QUICK REVIEW

[論文レビュー] Cross-Layer Feature Pyramid Transformer for Small Object Detection in Aerial Images

Zewen Du, Zhenjiang Hu|arXiv (Cornell University)|Jul 29, 2024

Infrared Target Detection Methodologies被引用数 7

ひとこと要約

小型物体検出を改善するアップサンプラー不要のCross-Layer Feature Pyramid Transformer（CFPT）を導入。Cross-layer Channel-wise Attention（CCA）とCross-layer Spatial-wise Attention（CSA）に加え、Cross-layer Consistent Relative Positional Encoding（CCPE）を組み合わせて、VisDrone2019-DETとTinyPersonで計算量を抑えつつ小型物体検出の性能をSOTAに近づける。

ABSTRACT

Object detection in aerial images has always been a challenging task due to the generally small size of the objects. Most current detectors prioritize the development of new detection frameworks, often overlooking research on fundamental components such as feature pyramid networks. In this paper, we introduce the Cross-Layer Feature Pyramid Transformer (CFPT), a novel upsampler-free feature pyramid network designed specifically for small object detection in aerial images. CFPT incorporates two meticulously designed attention blocks with linear computational complexity: Cross-Layer Channel-Wise Attention (CCA) and Cross-Layer Spatial-Wise Attention (CSA).

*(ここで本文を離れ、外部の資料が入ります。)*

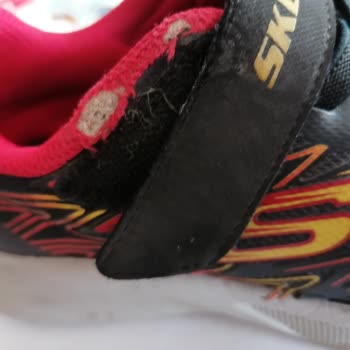 Skechers Kalitesiz Ürünleri İle Tüketicisini Mağdur Ediyor!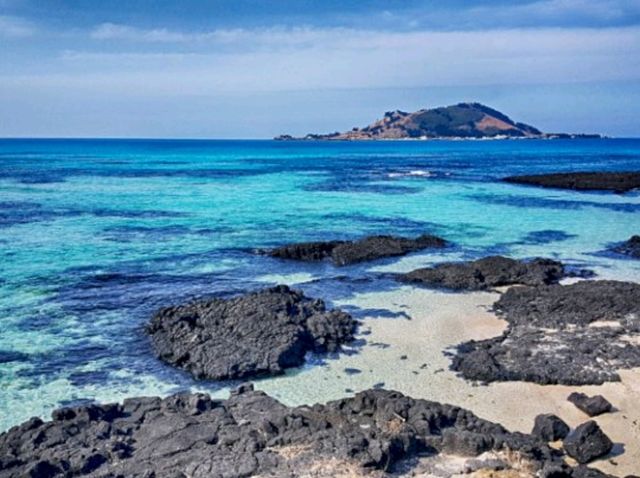 🏖️ 협재해수욕장 – 에메랄드빛 노을이 머무는 해변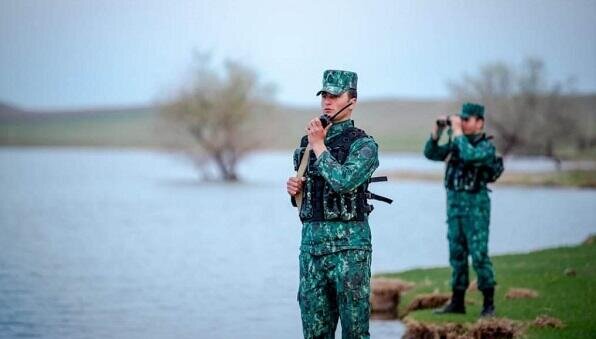 İran deputatı Azərbaycan sərhədini pozdu - Video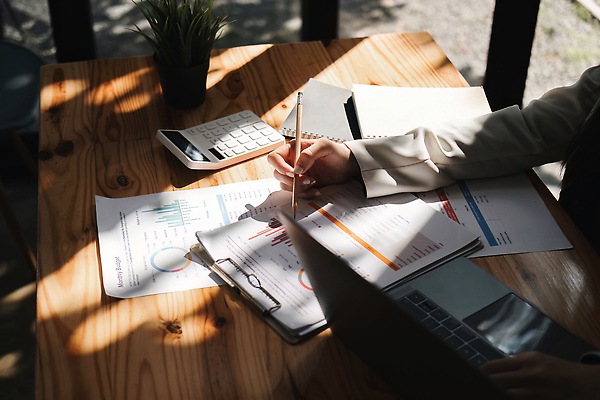 포토 JPG 해외이미지 직업 종이 컨셉 돈 비즈니스 통계 그래프 한명 사람 금융 경제 노트북 컴퓨터 사무실 업무 작업 비즈니스맨 비즈니스우먼 계산 계획 책상 분석 보고서 경영자 문서 투자 이익 회계 경영 계좌 마케팅 세금 수입 예산 회계사 비용 해외202310 해외포토 1 여자 남자 가구 전자제품 직장인 재산 리더 파일형식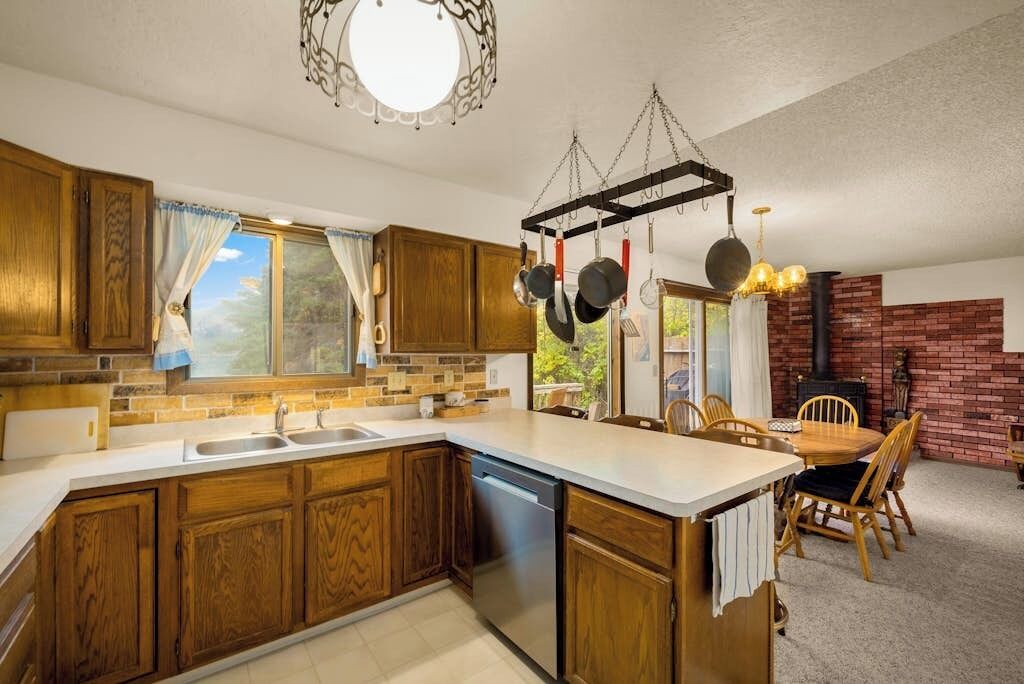Photo of Kitchen in Big Arm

CCA achieves cross-layer interaction by dividing channel-wise token groups to perceive cross-layer global information along the spatial dimension, while CSA enables cross-layer interaction by dividing spatial-wise token groups to perceive cross-layer global information along the channel dimension. By integrating these modules, CFPT enables efficient cross-layer interaction in a single step, thereby avoiding the semantic gap and information loss associated with element-wise summation and layer-by-layer transmission. In addition, CFPT incorporates global contextual information, which improves detection performance for small objects. To further enhance location awareness during cross-layer interaction, we propose the Cross-Layer Consistent Relative Positional Encoding (CCPE) based on inter-layer mutual receptive fields. We evaluate the effectiveness of CFPT on three challenging object detection datasets in aerial images: VisDrone2019-DET, TinyPerson, and xView. Extensive experiments demonstrate that CFPT outperforms state-of-the-art feature pyramid networks while incurring lower computational costs. The code is available at https://github.com/duzw9311/CFPT.

研究の動機と目的

空撮画像における物体がスケール別に密集して変化する課題に対処する。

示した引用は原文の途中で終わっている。